Each regular episode typically features two game writers or narrative designers in an interview-style format.
Max and Nick Folkman, currently of Insomniac Games, have been working on Script Lock since 2015, so there's a generous backlog of episodes to get lost in. I've been stymied by a narrative problem more than once, only to find that another game writer gave advice on this podcast that spoke to my concern.
I can't think of another podcast more specific to game writing and narrative design than this one.
The AIAS Game Maker's Notebook is one of my favorite podcasts for multiple reasons. Made by the Academy of Interactive Arts and Sciences (the same organization that hosts the D.I.C.E. Summit and the D.I.C.E. Awards), they have the ability to pull interviews from voices that often feel difficult to access despite their clear influence on the industry. The interviews are typically one-on-one between the interviewer and the guest, making it feel personal and honest, given that every episode is about 40 minutes to an hour long.
What I love about this podcast is the range it covers. Many interviews are done with game directors on well-known franchises and IPs we know and love, but many episodes speak with composers, narrative directors, and publisher voices that have a large impact. It's nice to hear from these voices about the broad struggles and triumphs a project faces from beginning to end or considerations in publishing games that are unique and often go unconsidered.

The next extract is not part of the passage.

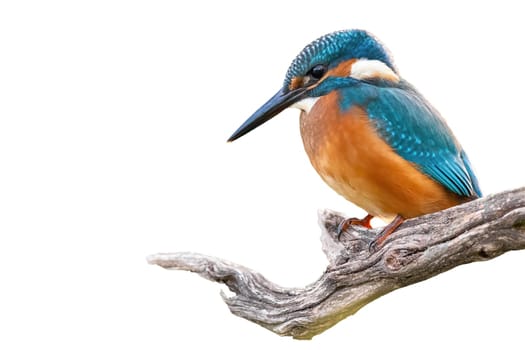 Common kingfisher, alcedo atthis, sitting on branch isolated on white background. Colorful bird resting on wood cut out on blank. Bright winged animal looking on tree with copy space.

No Clip is both a YouTube channel and podcast headed by Danny O'Dwyer. The YouTube channel is dedicated to long-form documentaries about game studios and their projects. The podcast is a companion channel that features developer interviews.
I appreciate No Clip because it gives a broad overview of what working on a specific project was like and considers the more minute aspects of specific disciplines.
Occasionally, the podcasts feature episodes specific to game writing and narrative design, such as this episode on writing characters in the Outer Worlds or this interview with devs about the broad design and narrative of Ghost of Tsushima.
The Game Maker's Toolkit is another YouTube channel that does deep-dive analyses on video games. The channel is run by Mark Brown, a games journalist who does a superb job of looking into the design philosophy and implications behind games and how they're made. His commentary is always thoughtful and holistic.
There are plenty of episodes specific to narrative in games, like the one about Monolith's Nemesis System or how level design can tell a story.
If you want to hear advice on narrative and game writing straight from the horse's mouth, it is impossible to ignore the Game Developer's Conference. GDC is a yearly professional conference in San Francisco, CA, that discusses the craft of video games. Game developers worldwide gather to exchange insight and information, make pitches, and network. Developers deliver prepared talks about game development, which are recorded and compiled into something called the GDC Vault, a library of talks going back several years. Be warned that full access to the GDC Vault is very expensive, sitting at $550/person and physical attendance at the conference even more so. However, the GDC YouTube channel posts many of the best talks for free and there's more than enough material to keep anyone occupied. They specifically have dozens of talks on narrative uploaded on a playlist.
There are many other podcasts and YouTube channels that I didn't put on this list that I listen to and love. This list does evolve, and I would encourage you to delve in and discover other channels and voices.